The Bureau of Engraving and Printing will release a redesigned $5 Federal Reserve Note with updated security features and a new purple color and a larger “5” on the reverse for the visually impaired. Sometime during 2008, BEP will introduce a redesigned $100 FRN with new security features and color. Because the BEP is not required to have its designs vetted by the Commission of Fine Arts, the new design will remain a secret until the BEP is ready to make their announcement.

Outside of the United States, the Royal Canadian Mint has started to introduce new non-circulating legal tender (NCLT) coins with new designs. The RCM is stressing new colors, designs, and the embedding of gemstones in their coins. Also, the 2010 Winter Olympics continues to be a significant theme of RCM coins.

Across the pond in the United Kingdom, the Royal Mint is advertising their new designs. New designs for legal tender coins are available from the Royal Mint whose sets include three commemorative coins honoring the 60th birthday of Prince Charles, the 450th anniversary of the accession of Queen Elizabeth I, and commemorating the 100th anniversary of the 4th Olympiad held in London.

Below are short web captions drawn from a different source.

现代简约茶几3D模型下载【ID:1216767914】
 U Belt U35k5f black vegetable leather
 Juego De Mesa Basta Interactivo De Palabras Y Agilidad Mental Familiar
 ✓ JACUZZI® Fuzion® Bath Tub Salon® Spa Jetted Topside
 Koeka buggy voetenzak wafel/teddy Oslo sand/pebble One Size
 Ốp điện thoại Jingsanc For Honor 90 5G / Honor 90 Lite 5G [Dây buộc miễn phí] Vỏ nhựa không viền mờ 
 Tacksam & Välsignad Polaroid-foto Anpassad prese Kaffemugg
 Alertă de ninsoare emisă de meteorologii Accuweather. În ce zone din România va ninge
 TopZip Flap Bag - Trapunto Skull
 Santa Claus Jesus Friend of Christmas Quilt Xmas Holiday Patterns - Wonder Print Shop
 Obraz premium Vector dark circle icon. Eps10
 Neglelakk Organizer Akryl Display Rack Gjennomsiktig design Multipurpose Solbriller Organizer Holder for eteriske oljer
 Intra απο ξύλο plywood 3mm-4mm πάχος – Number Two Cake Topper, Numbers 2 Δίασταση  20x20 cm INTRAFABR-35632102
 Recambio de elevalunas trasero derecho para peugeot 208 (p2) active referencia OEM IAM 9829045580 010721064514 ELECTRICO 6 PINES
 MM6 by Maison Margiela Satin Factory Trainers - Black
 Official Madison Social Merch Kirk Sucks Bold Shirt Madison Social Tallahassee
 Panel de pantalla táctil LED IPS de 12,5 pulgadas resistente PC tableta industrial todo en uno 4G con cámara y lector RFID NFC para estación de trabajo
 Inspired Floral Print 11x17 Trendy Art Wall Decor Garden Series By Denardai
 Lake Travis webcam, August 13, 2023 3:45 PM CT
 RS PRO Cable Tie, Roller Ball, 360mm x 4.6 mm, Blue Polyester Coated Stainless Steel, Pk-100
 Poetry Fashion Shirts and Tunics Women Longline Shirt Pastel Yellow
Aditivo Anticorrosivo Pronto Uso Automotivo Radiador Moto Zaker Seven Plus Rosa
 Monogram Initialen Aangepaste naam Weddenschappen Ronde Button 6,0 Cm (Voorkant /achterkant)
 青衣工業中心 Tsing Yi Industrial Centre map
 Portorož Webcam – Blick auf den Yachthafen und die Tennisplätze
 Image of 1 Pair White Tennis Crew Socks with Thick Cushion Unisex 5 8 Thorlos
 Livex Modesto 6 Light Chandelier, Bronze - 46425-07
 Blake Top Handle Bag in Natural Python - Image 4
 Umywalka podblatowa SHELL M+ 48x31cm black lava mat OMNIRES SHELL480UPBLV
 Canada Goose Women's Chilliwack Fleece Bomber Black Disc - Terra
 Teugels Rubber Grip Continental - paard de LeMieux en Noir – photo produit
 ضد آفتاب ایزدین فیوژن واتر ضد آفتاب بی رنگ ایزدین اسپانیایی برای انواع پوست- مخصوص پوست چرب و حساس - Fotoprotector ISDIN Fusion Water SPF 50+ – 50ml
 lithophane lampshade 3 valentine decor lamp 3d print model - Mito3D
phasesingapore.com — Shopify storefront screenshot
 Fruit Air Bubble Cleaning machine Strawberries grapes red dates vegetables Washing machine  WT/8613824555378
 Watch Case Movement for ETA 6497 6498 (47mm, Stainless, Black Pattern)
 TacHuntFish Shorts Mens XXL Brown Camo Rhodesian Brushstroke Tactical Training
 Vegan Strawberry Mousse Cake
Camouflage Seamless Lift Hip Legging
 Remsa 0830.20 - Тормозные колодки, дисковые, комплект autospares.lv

Even The Perth Mint has issued its 2008 Silver Koala. This $1 NCLT silver coin is the second in the series of the Koala series introduced in 2007. The Perth Mint has also tried new coinage methods that includes moving parts and holograms.

It is going to be a very busy year and exciting year in numismatics.

Fifty Plus 6

Buried in the omnibus budget act that congress passed last Tuesday was a provision to extend the 50 State Quarters Program to include the District of Columbia and the territories of the Commonwealth of Puerto Rico, Guam, American Samoa, the United States Virgin Islands, and the Commonwealth of the Northern Mariana Islands.

Since 2000, District of Columbia Delegate Eleanor Holmes Norton introduced bills trying to include DC and the territories with the 50 State Quarters Program. For the 110th session, Del. Norton introduced H.R.392, which had passed the House and was sitting in the Senate Committee on Banking, Housing, and Urban Affairs. The bill has been sitting in committee with no action since last January.

Enter Rep. José Serrano (D-NY). Serrano is a native Puerto Rican representing the south Bronx and is chairman of the House Appropriations Subcommittee on Financial Services whose jurisdiction is the Department of the Treasury. This gave him the power to insert the measure into this bill which he announced with great fanfare.

According to this article at washingtonpost.com, advocates of DC home rule are in favor of this measure. Now it is time to see how the District handles the design and what they come up with. Considering the dysfunction of the DC government, this should be an interesting exercise.

Monday Morning Fun

Do you have the Monday morning blahs? Do you need a small mental pick-me-up? Then don’t think about work. Go to Mental Floss and test you knowledge of the reverses of some of the 50 State Quarters. They show you 20 quarter reverses and you guess the state from a choice of two. I scored 19 out of 20 after not being able to remember the second coin.

Enjoy!

Sac’s New Back

In the final step before becoming a law, congress presented the president with H.R. 2358, Native American $1 Coin Act, for his signature. Introduced in the House of Representatives by Dale Kildee (D-MI 5th), and expected to be signed by the president, the bill calls for the reverse of the Sacagawea Dollar be redesigned every year to commemorate “of Native Americans and the important contributions made by Indian tribes and individual Native Americans to the development of the United States and the history of the United States.” The obverse will continue to have the Sacagawea design.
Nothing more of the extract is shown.